O período de acompanhamento também permitiu detectar diferentes fases com relação ao modelo de trabalho que inclui jornadas de 12 a 15 horas por dia. Inicialmente, cerca de três meses a partir do início da pandemia, houve uma alta demanda pelos serviços para entrega de comida pronta. Com o desemprego em alta, o cenário mudou para uma alta oferta de entregadores. À medida que bares e restaurantes foram reabrindo, os profissionais que tinham outra ocupação antes de buscarem a sobrevivência como entregadores conseguiram recolocação no mercado de trabalho. Quem era entregador antes continuou na função. A precarização do trabalho também foi evidenciada em falas nas quais os profissionais não se permitem adoecer. “Escancara a fragilidade dos modelos de capitalismo de plataformas e aplicativos. A ideia ufanista que ouvíamos há alguns anos de ser empreendedor mostrou-se frágil”, analisa Segata.

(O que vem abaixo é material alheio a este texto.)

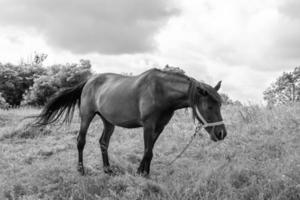 hermoso semental de caballo salvaje en el prado de flores de verano foto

Artistas não consagrados – A autodenominação foi acolhida para denominar os profissionais do mundo artístico que envolvem músicos de bares, DJ’s e produtores de espetáculos de teatro. Quando bares, casas noturnas e de espetáculos fecharam para atender as regras sanitárias, esses profissionais ficaram sem a renda que advém de shows e espetáculos. “Muitas vezes para uma pessoa estar no palco há 40 nos bastidores”, exemplifica Segata sobre os profissionais que atuam nos bastidores, como produtores, por exemplo. “O artista em si ainda conseguia fazer as transmissões. Mas os produtores o que fariam?”, complementa.
Os pesquisadores promoveram três encontros ao longo do período estudado. As queixas frequentes estavam relacionadas à ausência de infraestrutura, disponível aos grandes artistas e que mantém a qualidade das obras durante as transmissões para migrar os espetáculos para o modo virtual. “Falta iluminação, microfone, sinal suficiente de internet que dê conta de áudio e vídeo, ruídos ambiente”, detalha. Muitos profissionais buscaram apoio em outras atividades como aulas de música online.

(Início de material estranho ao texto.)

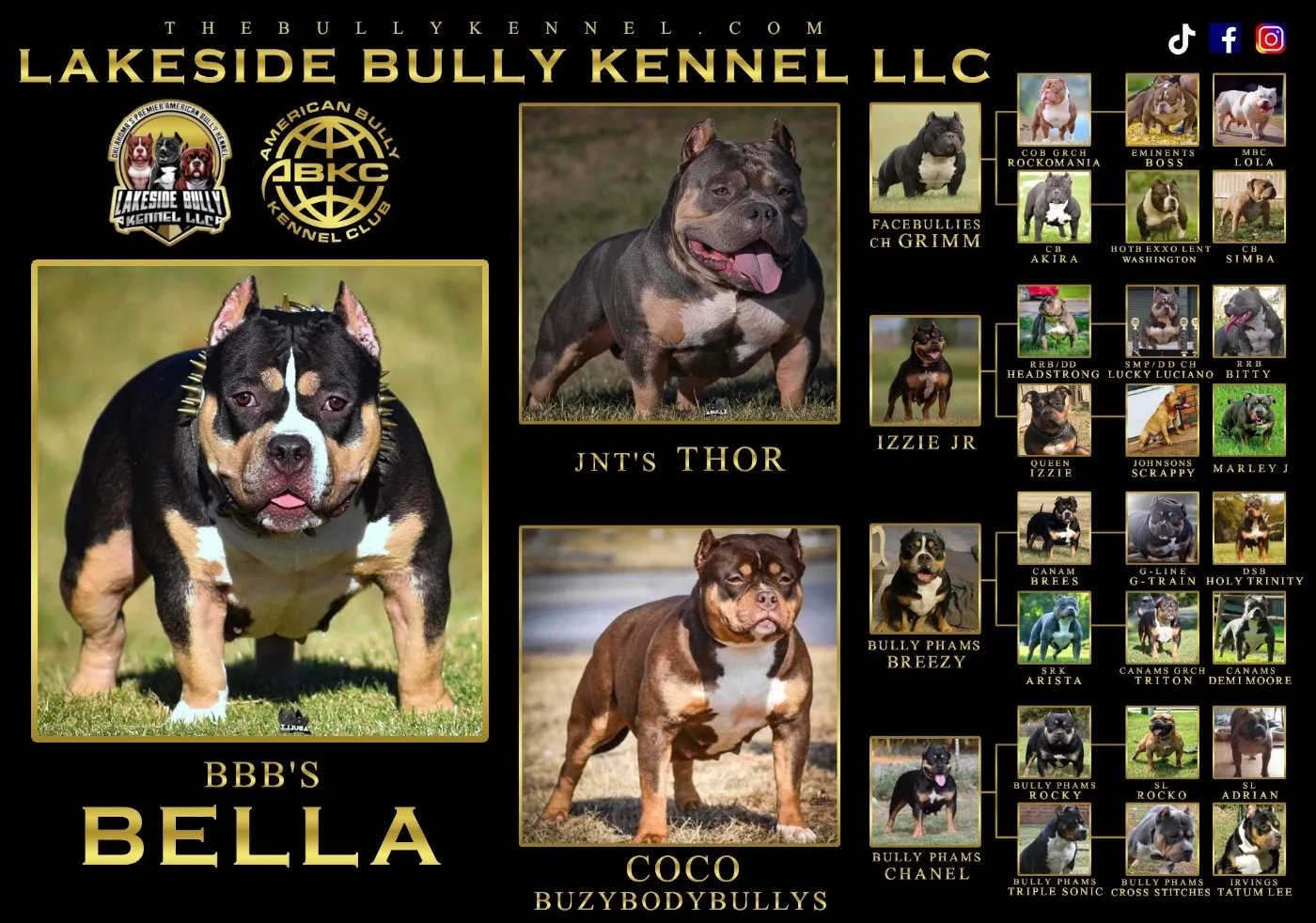 Bella, Black Tri American Bully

Por outro lado, no caso do teatro, algumas companhias adaptaram os espetáculos para o meio virtual, criando novas habilidade e funções. “Foi muito interessante ver esse processo de aprendizado para fazer os espetáculos com transmissão online e que são relatados como positivos pelos artistas”, afirma o antropólogo sobre as novas tarefas relatadas como criar, produzir e dirigir um espetáculo virtual.

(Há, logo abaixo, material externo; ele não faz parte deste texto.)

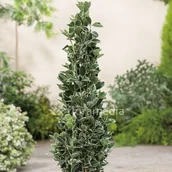 Sadzonki drzew krzewów - Związek Szkółkarzy Polskich Trzmielina japońska Kathy ( Euonymus japonicus Kathy - miniaturka - grafika 1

A retomada tardia da reabertura das casas de espetáculos, comparado a outros eventos públicos, como jogos de futebol, é vista pelos artistas como falta de apoio à arte por meio de órgãos que reivindicassem o retorno ao trabalho. Os artistas autônomos se sentem desprivilegiados em relação aos incentivos, não sendo reconhecidos muitas vezes para o recebimento de benefícios. “Eles se queixam como a arte no Brasil não é vista como trabalho, como processo histórico de afirmação”, relata o professor. “A arte poderia ter ajudado em um momento de desesperança, poderia ter tido mais transmissões que pudessem entreter positivamente”, conclui.